Available data:
**********

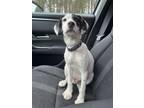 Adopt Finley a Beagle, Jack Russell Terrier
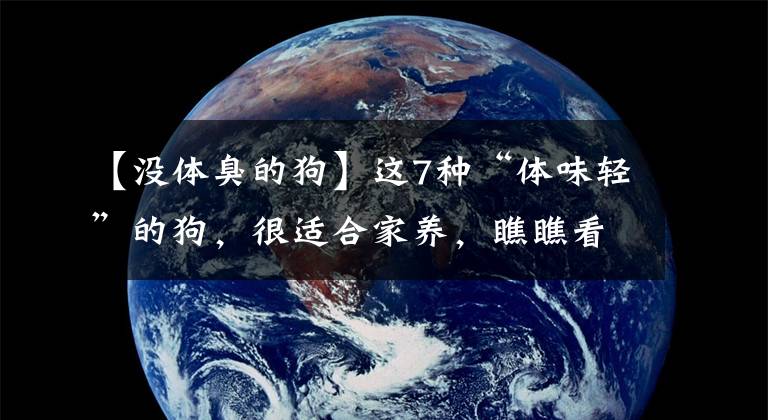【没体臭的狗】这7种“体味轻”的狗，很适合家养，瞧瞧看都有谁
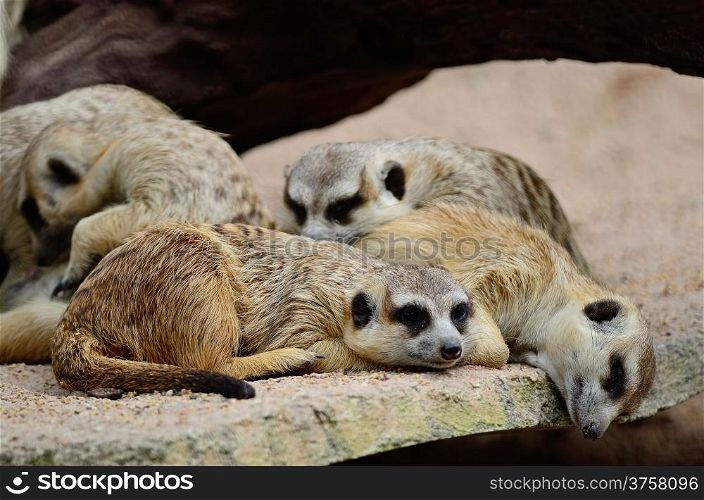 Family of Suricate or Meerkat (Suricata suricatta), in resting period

**********

What is expected: Restate the material above word for word, omitting the pictures.

Output of the exercise:
 Adopt Finley a Beagle, Jack Russell Terrier
【没体臭的狗】这7种“体味轻”的狗，很适合家养，瞧瞧看都有谁
 Family of Suricate or Meerkat (Suricata suricatta), in resting period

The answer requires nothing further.